Im „Haus für Mozart“, das nie ein solches war. Und heute Abend ein solches schon ganz und gar nicht.

Der Regisseur hat zwei Prinzipien: Symmetrie und Schleichen.

Alle schleichen, niemand weiß, warum. Mit der Zeit wird einem das zu dumm. Schleichhandel??

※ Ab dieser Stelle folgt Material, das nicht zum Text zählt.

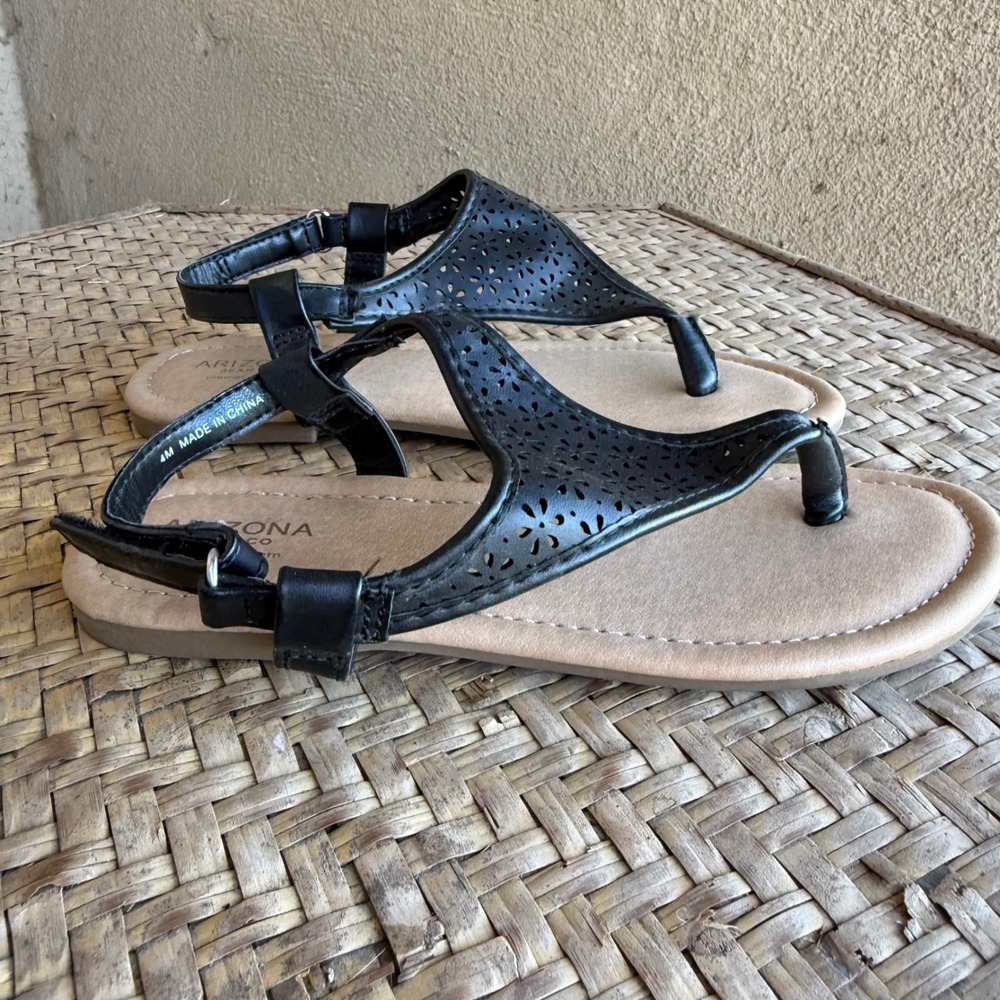 Arizona Boho Floral Sandals Cameron II Girls 4 Black Laser Cut Ankle Strap Flat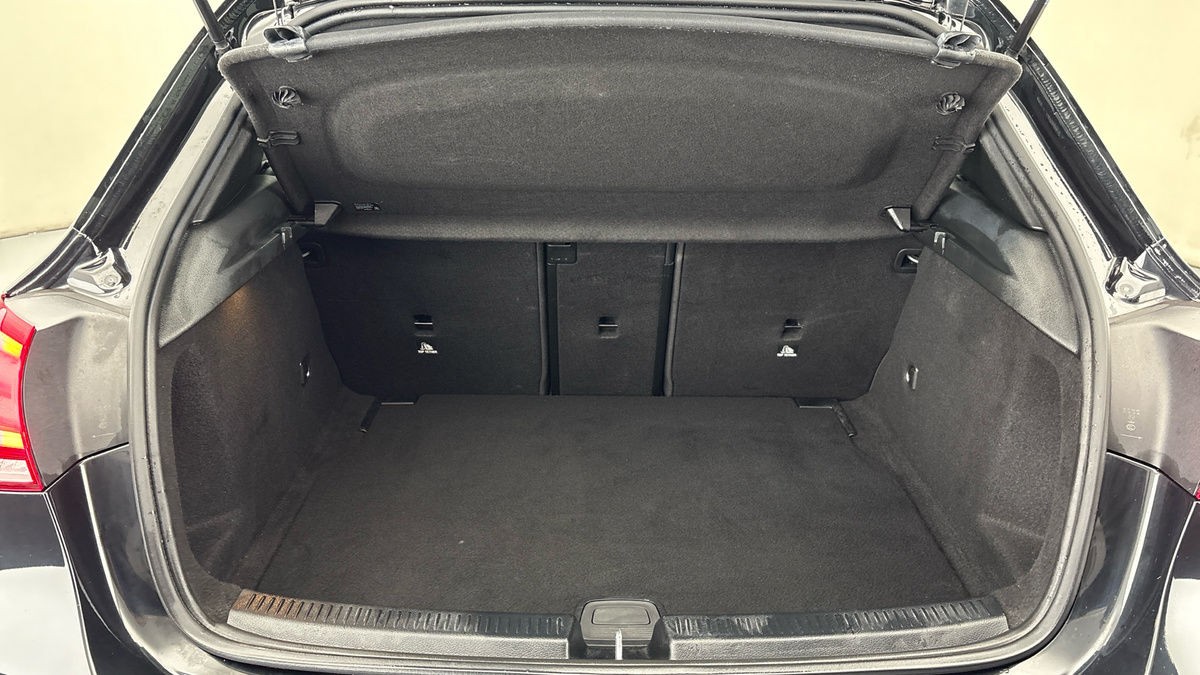 Mercedes-Benz A Class Image 11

Symmetrie der Aktionen, der Bewegungen, der Stellungen. Die Charaktere haben verschiedenste Empfindungen und Motive, von da Ponte und Mozart höchst genial und differenziert verbalisiert und vertont. Die Regie jedoch zerstört jede Nuance, indem sie die SYMMETRIE zum Prinzip erhebt und daher jegliche Individualisierung der Charaktere unterbindet! Fiordiligi umarmt, dreht sich in Bodenlage, aber auch im Stehen, küsst auf die Wange links, dann rechts, gibt Händchen. Dorabella umarmt, dreht sich in Bodenlage, aber auch im Stehen, küsst auf die Wange links, dann rechts, gibt Händchen. Die Männer tun desgleichen, und immer, wobei es in der Szene mit den Todstellreflexen sogar legitim ist. Dass die Damen meistens auf dem Boden liegen, symmetrisch natürlich, ermüdet, ja ärgert mich. Cui bono.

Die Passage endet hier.